Marc Chagall resim eğitimi aldığım yıllar boyunca ve ardından hayran olduğum ve Moskova’ya yerleştikten sonra da çeşitli sergilerde orjinal eserlerini görmekten heyecanlandığım nadir ressamlardan birisidir. 97 yıllık hayatı içine pek çok güzelliği renk ve ışıkla birlikte alan bu avangart ressam bana “avangart resim” sanatını da sevdiren sanatçılar arasında ilk sıraya yerleşti. Moskova’ya yerleşinceye kadar Avangart’dan ziyade empresyonizme ilgi duyan ben buranın havasından mıdır, suyundan mıdır, Rusya’nın çok sayıda kaliteli avangart ressam yetiştirmiş olduğundan mıdır, ilgi alanımı bu resim akımına yönlendirdim, ister istemez...

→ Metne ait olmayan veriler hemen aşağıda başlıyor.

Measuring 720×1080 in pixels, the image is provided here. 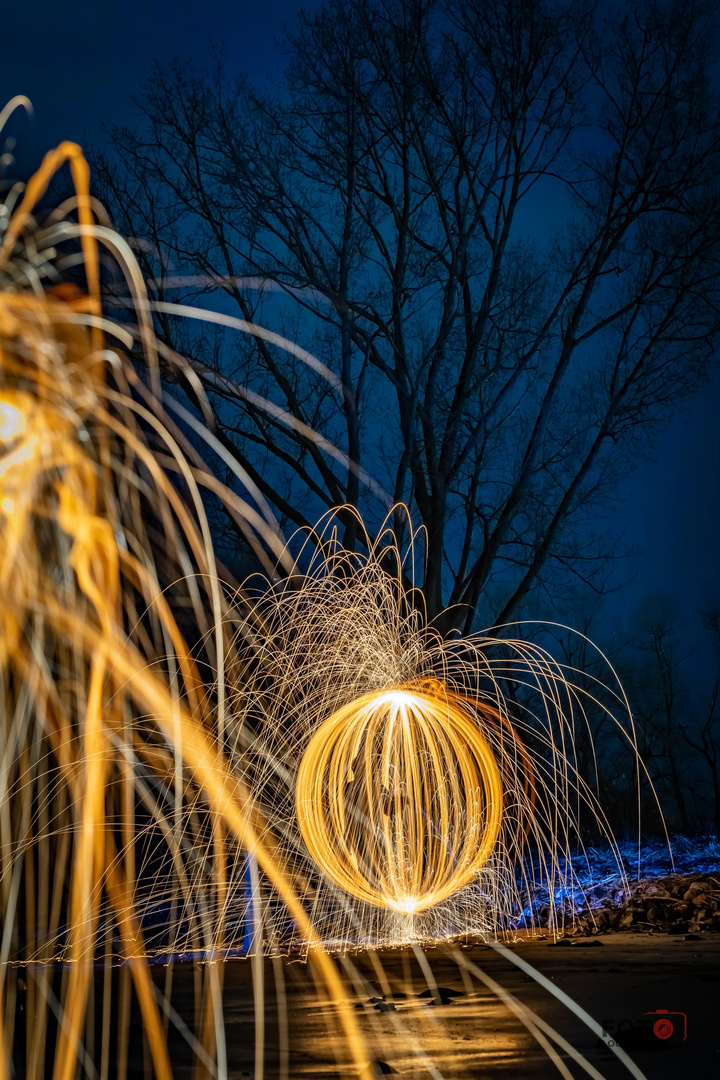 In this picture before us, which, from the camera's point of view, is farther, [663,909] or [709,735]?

İyi de etmişim doğrusu. Pek çok sayıda Rus avangard sanatçının yanında, Chagall’ın yeri her zmaan farklı olmuştur. Kullandığı renklerdeki canlılık ve parlaklık, kompozisyonlarındaki sıradışılık bana hep özgürlük hissi uayndırmıştır. Bir Rus olarak doğan fakat sonradan Fransız vatandaşlığına geçen ünlü ressamın kısaca hayat hikayesi ise şöyle;

1887 yılının Temmuz ayında Belarus’un Vitebsk şehrinde doğan bu yetenikli dahi, yahudi bir ailenin çocuğudur. 1906 yılından itibaren resim eğitimine başlayan Chagall, 1910 yılına kadar St.Petersburg’da, 1910 yılından itibaren de 1014 yılına kadar Paris’de yaşar ve bir yandan da eğitimine devam eder. ancak 1914 yılında doğduğu şehre geri dönen Chagall bir yıl sonra pek çok resmine konu olan Bella Rosenfeld ile evlenir. Çiftin İda adında bir de kızları olur ve ressam 1917 Rus ihtilalinde devrimcileri destekler. Ancak büyük bir heyecanla desteklediği Sovyet rejimi ressamın hoşuna gitmez, 1923 yılında yeniden Paris’in yolunu tutar, 1937 yılında ise Fransız vatandaşlığına geçer.

2. Dünya Savaşı başlayınca Nazilerden kaçan ünlü ressam bu defa da ABD yollarına düşer. 1944 yılında sevgili eşi ölür ve Chagall 1946’da savaşın ardından Avrupa’ya geri döner. 1952 yılında yeniden evlenen ressam 1985 yılında, 97 yaşında Fransa’da hayata gözlerini kapar.

Avangart bir sanat anlayışını benimseyen Marc Chagall’ın aslında eserlerini kesin çizgilerle bir akım altında sınıflandırmak çok da doğru olmaz. Fovizm ve Kübizm karışımı olarak nitelendirmek çok da yanlış olmaz sanırım. Eserlerinde ilk eşi ve Yahudi dininin temalarına sıkça rastlanır. Sadece resimleri değil, vitrayları da dünyanın çeşitli şehirlerinde sanatseverlerle paylaşılmaktadır. Sanatçının doğduğu şehir Vitebsk ve Fransa’nın Nice şehrinde Chagall’ın adını taşıyan birer müze bulunmaktadır.